While city and county leaders are pleased to see the new Supervision Center open after several years of planning, it’s not really a flashy or novel place that they want kids to be excited about seeing; they prefer kids to stay in school, or at home during late evening hours resting up for the next school day.
The Juvenile Supervision Center is where youth ages 10-17 are taken when they are found committing low-level offenses, like truancy, curfew violations, or a first-time shoplifting offense. It is a safe place for youth to go to until they are picked up by a parent, and it was designed to help teens receive social service assistance, if needed, to correct any challenges the child is currently facing.
“It is very much a prevention program that intervenes with youth,” explains Sharlene Shelton, Hennepin County’s human services area manager. “It helps them so they don’t escalate further in committing more crimes.”
Before the center opened, these same low-level offenders were taken to the Hennepin County Juvenile Detention Center and mixed in with youth who were accused of committing much more serious crimes such as armed robbery or taking a weapon to school.
Shelton notes that studies show if a teen even so much as touches the door of a facility housed with higher-crime offenders, the likelihood of that teen committing another crime is very high.
The opening of the new center comes as many city, county and community leaders are working together to more effectively prevent youth violence before it occurs. In January, the City of Minneapolis released a Blueprint for Action to Reduce Youth Violence in Minneapolis that outlined 34 steps to reduce youth violence, including support for the Juvenile Supervision Center.
The center is open 24 hours a day and is more than just a quiet spot where teens can wait for their parents to come and pick them up. It is supervised waiting, and staff will do a risk screening of each child. If the results show the child rates high on the at-risk screening, staff will conduct an assessment and connect the child with a county or city social services resource for short-term or long-term care.
The care is voluntary — not required by anyone — and most importantly, it might help the child open up and communicate about what caused him/her to commit the low-level offense to being with.
“When it’s a first-time offense, it’s often a sign of a more serious problem,” notes Shelton. “For example, if a child is found shoplifting, we want to know why. Is it because they’re homeless, or was it a gang-initiated activity?”
These are tough questions for kids to answer and often yield painful feelings. But, City and community leaders want these issues resolved before they develop into more serious crimes. Children who stay in school are most often children who succeed in life.
Merle Bell-Gonzales of the Office of Student Attendance with Minneapolis Public Schools notes that attendance patterns start early, and there is a direct link between school success and children attending school.
“We are very appreciative of the fact that community resources have come together for this [Supervision Center],” said Bell-Gonzales. “Attendance helps students feel connected to school. It gives them a feeling of purpose and responsibility.”
She notes that a one percent increase in attendance yields more than a one percent increase in test scores. And, math scores are affected 31⁄2 times as much as reading scores when attendance levels improve.

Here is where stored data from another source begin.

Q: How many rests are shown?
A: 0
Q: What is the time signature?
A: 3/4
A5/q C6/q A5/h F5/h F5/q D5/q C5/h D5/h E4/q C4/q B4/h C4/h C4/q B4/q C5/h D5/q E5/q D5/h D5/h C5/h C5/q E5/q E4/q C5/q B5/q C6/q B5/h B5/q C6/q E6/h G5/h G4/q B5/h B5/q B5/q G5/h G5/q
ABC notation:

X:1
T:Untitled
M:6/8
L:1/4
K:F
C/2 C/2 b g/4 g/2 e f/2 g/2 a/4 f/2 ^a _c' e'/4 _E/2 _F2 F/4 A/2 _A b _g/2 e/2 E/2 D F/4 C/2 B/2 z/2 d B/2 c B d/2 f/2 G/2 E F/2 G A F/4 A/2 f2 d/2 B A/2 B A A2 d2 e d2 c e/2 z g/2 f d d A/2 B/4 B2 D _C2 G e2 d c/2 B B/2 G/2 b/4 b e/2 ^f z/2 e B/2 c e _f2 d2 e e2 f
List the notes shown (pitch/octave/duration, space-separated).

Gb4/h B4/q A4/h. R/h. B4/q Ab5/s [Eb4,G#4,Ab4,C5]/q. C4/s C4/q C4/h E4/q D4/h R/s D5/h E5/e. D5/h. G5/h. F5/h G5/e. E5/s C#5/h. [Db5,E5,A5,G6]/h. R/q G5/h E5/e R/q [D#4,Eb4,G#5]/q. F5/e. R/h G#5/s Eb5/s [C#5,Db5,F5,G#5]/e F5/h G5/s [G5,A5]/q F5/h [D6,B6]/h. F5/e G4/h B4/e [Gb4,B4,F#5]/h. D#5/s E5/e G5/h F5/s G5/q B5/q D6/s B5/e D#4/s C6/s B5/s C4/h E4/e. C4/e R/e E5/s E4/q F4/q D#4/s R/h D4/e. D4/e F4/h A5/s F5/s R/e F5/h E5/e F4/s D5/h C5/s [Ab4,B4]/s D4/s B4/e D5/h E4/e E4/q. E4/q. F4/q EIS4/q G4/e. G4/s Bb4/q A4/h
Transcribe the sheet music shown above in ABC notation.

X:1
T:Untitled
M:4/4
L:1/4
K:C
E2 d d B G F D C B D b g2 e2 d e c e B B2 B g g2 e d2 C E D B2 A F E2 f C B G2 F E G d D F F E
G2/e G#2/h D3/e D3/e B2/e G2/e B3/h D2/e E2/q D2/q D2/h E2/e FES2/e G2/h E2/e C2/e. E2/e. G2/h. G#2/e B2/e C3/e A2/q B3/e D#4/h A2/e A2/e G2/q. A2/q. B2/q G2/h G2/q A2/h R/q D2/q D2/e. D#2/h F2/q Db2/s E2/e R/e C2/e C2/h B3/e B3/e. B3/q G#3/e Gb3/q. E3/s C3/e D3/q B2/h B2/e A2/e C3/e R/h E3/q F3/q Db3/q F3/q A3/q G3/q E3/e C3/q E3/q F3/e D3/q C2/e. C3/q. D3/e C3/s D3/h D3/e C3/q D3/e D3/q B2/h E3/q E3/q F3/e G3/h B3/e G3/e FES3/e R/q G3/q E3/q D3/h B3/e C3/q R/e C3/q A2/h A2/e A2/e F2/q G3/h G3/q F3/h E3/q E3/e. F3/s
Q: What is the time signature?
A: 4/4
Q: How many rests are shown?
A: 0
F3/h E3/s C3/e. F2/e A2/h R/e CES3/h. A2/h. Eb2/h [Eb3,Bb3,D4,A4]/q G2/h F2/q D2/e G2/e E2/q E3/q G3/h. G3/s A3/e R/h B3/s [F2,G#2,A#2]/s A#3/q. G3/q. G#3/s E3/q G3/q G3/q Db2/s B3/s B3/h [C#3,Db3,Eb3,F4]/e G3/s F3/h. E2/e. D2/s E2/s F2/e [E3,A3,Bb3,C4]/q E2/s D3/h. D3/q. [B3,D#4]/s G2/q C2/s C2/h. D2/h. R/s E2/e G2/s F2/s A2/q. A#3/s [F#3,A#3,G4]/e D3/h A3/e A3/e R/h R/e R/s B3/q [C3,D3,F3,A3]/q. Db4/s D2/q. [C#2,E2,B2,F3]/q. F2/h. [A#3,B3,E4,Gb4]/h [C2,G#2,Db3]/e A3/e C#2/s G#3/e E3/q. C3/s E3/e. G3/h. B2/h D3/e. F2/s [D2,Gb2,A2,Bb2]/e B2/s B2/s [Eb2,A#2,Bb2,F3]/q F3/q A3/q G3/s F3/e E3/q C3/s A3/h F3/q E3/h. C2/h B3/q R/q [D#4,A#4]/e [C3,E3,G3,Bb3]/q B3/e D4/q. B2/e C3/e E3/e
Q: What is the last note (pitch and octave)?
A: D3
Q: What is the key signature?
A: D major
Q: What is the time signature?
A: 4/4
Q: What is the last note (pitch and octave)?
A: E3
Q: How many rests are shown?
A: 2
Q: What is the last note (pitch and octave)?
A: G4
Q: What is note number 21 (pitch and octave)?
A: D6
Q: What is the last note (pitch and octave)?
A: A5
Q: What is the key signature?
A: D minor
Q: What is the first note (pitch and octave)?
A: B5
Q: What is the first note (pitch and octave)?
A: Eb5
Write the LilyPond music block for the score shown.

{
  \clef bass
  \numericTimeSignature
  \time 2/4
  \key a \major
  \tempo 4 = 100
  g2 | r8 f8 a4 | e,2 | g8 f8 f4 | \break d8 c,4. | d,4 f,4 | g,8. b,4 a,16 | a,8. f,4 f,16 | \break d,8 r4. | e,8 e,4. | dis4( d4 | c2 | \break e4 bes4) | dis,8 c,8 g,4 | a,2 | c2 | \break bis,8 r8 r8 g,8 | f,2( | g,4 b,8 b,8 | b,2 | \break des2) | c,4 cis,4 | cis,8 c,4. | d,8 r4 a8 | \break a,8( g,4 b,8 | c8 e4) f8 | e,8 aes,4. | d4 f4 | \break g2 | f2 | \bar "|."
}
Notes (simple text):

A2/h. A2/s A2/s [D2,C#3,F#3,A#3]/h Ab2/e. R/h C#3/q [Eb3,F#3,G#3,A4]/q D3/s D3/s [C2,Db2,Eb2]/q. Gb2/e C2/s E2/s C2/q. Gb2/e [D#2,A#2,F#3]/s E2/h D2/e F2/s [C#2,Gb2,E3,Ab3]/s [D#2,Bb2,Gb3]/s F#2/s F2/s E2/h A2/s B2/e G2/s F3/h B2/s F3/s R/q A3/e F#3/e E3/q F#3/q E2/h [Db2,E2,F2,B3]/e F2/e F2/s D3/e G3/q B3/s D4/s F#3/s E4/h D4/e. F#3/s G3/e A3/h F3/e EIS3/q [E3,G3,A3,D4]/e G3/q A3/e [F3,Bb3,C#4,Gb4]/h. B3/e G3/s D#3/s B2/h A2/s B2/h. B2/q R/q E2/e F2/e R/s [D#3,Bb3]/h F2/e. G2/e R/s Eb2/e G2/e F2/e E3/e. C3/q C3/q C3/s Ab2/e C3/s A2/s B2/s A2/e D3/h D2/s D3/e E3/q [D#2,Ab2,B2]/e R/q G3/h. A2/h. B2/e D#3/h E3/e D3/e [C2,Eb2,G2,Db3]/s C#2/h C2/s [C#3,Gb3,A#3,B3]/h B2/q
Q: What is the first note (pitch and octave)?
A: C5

Kids learn when they’re in school. And when they’re not, juvenile crimes increase.
According to Minneapolis Police Chief Tim Dolan, “Over the past two years, juveniles accounted for almost half of all those arrested for violent crimes. Those numbers have dropped by 20 percent due to a renewed focus by officers on violent offenders as well as curfew and truancy. In fact, schools that worked with the police reported a 75 percent improvement in truancy problems,” he said.
Bell-Gonzales notes that the success of our youth is truly a community effort. “Everyone in our community must value education. Getting an education can change a life — that’s the one thing that is a given. We have to advocate this.”
It will take the work of great parents and outstanding community leaders to promote education and to help prevent youth violence before it occurs. But by doing so, African American communities in Minneapolis, St. Paul, and all other neighborhoods in Minnesota will be safer, stronger, and a place to call home for many generations to come.